Figure 5 with examples of adversarial images for various values of
图5带有不同值的敌对图像示例
Figure 6 contain plots of adversarial destruction rates for various image transformations.
图6包含了各种图像变换的敌对破坏率图。
Figure 4: Comparison of different adversarial methods with = 32. Perturbations generated by iterative methods are finer compared to the fast method. Also iterative methods do not always select a point on the border of -neighbourhood as an adversarial image.
图4:不同对抗方法比较, = 32。迭代方法产生的扰动比快速方法更细。此外,迭代方法并不总是选择 邻域边界上的一个点作为对抗性图像。
Figure 5: Comparison of images resulting from an adversarial pertubation using the “fast” method with different size of perturbation . The top image is a “washer” while the bottom one is a “hamster”. In both cases clean images are classified correctly and adversarial images are misclassified for all considered .
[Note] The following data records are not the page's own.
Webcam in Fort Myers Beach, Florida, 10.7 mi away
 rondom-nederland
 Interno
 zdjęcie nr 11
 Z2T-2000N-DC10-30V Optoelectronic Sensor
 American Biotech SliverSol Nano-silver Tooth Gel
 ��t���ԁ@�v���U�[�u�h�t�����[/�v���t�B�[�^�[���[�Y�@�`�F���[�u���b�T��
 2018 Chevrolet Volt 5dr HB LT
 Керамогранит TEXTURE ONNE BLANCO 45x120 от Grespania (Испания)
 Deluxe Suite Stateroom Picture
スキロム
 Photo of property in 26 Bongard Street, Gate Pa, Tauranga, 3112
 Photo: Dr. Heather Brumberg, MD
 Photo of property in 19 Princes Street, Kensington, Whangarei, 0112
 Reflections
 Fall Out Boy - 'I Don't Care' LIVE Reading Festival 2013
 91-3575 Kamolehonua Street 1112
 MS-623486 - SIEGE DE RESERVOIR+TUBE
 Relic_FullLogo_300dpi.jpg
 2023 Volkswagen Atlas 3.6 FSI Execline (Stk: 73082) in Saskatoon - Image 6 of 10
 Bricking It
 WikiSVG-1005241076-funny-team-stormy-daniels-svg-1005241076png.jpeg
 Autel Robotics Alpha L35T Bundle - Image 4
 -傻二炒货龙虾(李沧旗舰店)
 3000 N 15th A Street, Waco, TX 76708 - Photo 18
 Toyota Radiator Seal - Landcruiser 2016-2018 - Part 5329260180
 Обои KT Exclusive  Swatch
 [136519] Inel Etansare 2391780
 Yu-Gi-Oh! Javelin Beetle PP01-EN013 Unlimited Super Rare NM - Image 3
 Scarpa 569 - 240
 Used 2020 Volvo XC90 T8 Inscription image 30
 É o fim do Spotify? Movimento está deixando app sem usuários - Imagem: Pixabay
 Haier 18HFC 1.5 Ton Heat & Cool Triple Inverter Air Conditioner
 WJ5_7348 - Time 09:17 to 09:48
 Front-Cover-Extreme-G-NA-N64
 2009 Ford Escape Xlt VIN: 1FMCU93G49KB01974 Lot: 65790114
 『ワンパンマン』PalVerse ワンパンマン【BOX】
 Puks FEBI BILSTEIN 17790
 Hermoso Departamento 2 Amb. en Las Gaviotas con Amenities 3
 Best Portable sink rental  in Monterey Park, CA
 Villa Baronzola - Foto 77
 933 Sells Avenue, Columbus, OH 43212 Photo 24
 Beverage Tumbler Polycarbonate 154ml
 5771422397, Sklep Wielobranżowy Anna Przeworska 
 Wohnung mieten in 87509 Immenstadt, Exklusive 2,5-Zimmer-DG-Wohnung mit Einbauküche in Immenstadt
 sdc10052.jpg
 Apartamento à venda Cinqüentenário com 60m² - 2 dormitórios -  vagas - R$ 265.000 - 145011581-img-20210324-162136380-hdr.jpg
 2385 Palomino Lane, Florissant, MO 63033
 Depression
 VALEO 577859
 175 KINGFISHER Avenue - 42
图5:在不同扰动大小的情况下,使用“快速”方法进行对抗式输卵管拔管所得到的图像比较。顶部图像为“垫圈”,而底部图像为“仓鼠”。在这两种情况下,干净的图像被正确地分类,而敌对的图像被错误地分类。
Figure 6: Comparison of adversarial destruction rates for various adversarial methods and types of transformations. All experiments were done with = 16.
图6:各种敌对方法和转换类型的敌对毁灭率比较。所有实验都在 = 16的情况下进行。